Nellie Bly

Submitted by Joe Colletti, PhD

Main location of work: U.S.A.

Known for:

  • Revealing the wretched conditions of mental health care facilities
  • Influencing the adoption of laws that improved mental health patient care
Nellie_Bly_2

Issues Impacted

Mental health care

Poor working conditions in factories

Infant trafficking

Methods Used

Investigative journalism

Publications

Public Speaking

Locations Influenced

New York City

United States

 

 

Videos about Nellie Bly as Social Reformer

What Made Nellie Bly So Effective as a Reformer?

Investigative reporting made Nellie Bly a well-known journalist and social reformer. At age 24, she wrote Ten Days in a Mad-House after volunteering to pose as a mental patient for ten days in the Women's Lunatic Asylum at Blackwell's Island (now Roosevelt Island) under the name Nellie Brown. She was working for the New York World under publisher Joseph Pulitzer who emphasized human-interest stories, scandal, and sensationalism as a means to build up the circulation of the paper that he had recently bought.
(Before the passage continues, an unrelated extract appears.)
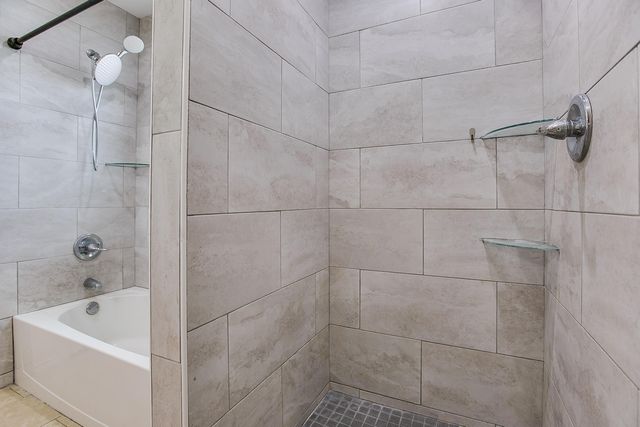 2218 N Poe Street, San Angelo, TX 76903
She first went to a temporary home for women and acted as if she had severe mental problems. All night long she cried and screamed. She stopped changing clothes and washing. She was soon examined by doctors, proclaimed insane, and sent to the asylum.

After 10 days, she was released to an attorney who represented the New York World and began to fill the newspaper with stories of cruel beatings, ice cold baths, and forced meals filled with spoiled and vermin-infested foods.

She filled her book Ten Days in a Mad-House with such stories as well. She noted that some patients were not mentally disturbed but were suffering from physical illnesses that only became worse while committed. Others had been maliciously placed there by family members who no longer wanted them.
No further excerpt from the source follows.